Thanks all - I"m just about to order one of these from TGM for my 40l nano qube.... good to know it works well

tx

m


----------



## Tolak (27 Jun 2010)

For a smaller tank that isn't stocked very heavily it does OK.  This is an entry level Eheim filter, and in no way compares to the Classic or Pro lines.  I've got a wide range of Eheim filters running on a variety of tanks, picked up an ECCO years back just to see how they compare to the others.  As with most anything you get what you pay for, don't expect the length of time between maintenance or the the efficiency of filtration of the more pricy models and you won't be dissapointed.  

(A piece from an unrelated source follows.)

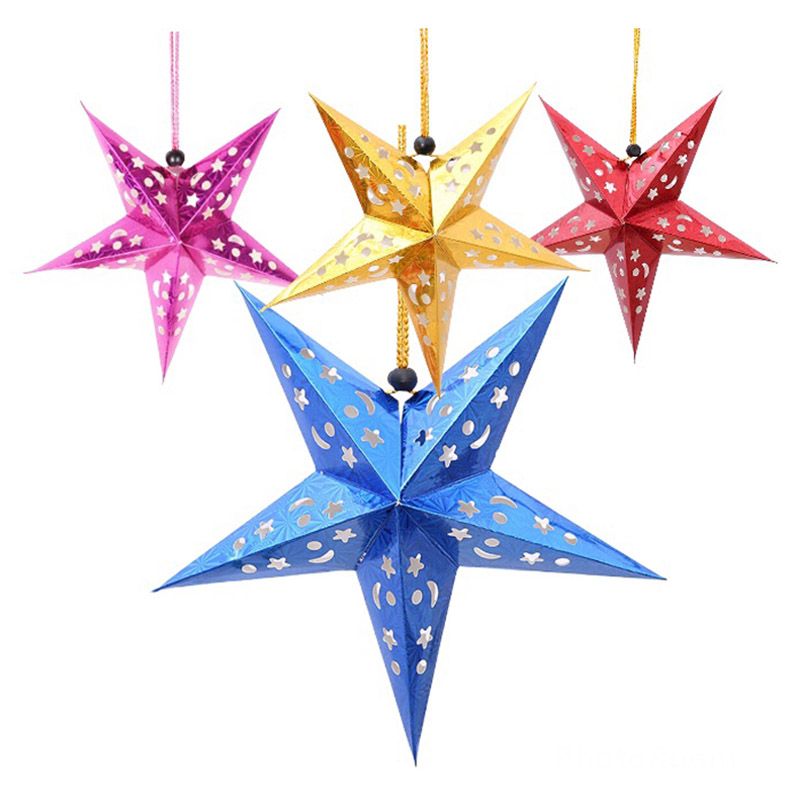 Highland - 3D Christmas Star Decorations - 4pc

If you make sure to remove the impeller & clean the channels & recesses in the head when you maintain it you will continue to have better flow, I've found that this area on these models for some reason get a buildup that chokes off the flow.


----------



## chrisfraser05 (29 Jun 2010)

Can say so far so good.

The build quality seems second to none and it was really easy to set up and use.

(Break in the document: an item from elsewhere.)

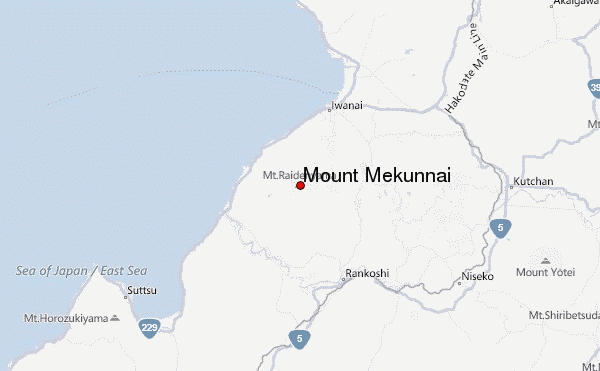 Mount Mekunnai Location Map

The flow is supposed to be the same as my previous internal filter but seems much higher.

There is loads of space for bio material and the surface area of the coarse sponge is massive considdering the capacity of the filter.

I would defo recommend this filter to anyone with a tank up to 100lt


----------



## chrisfraser05 (23 Sep 2020)

ha ha ha

Just found this thread again.

Just to report, the filter hasn't missed a beat in over 10 years and hasn't needed any parts. 

Still silent and plenty flow!


----------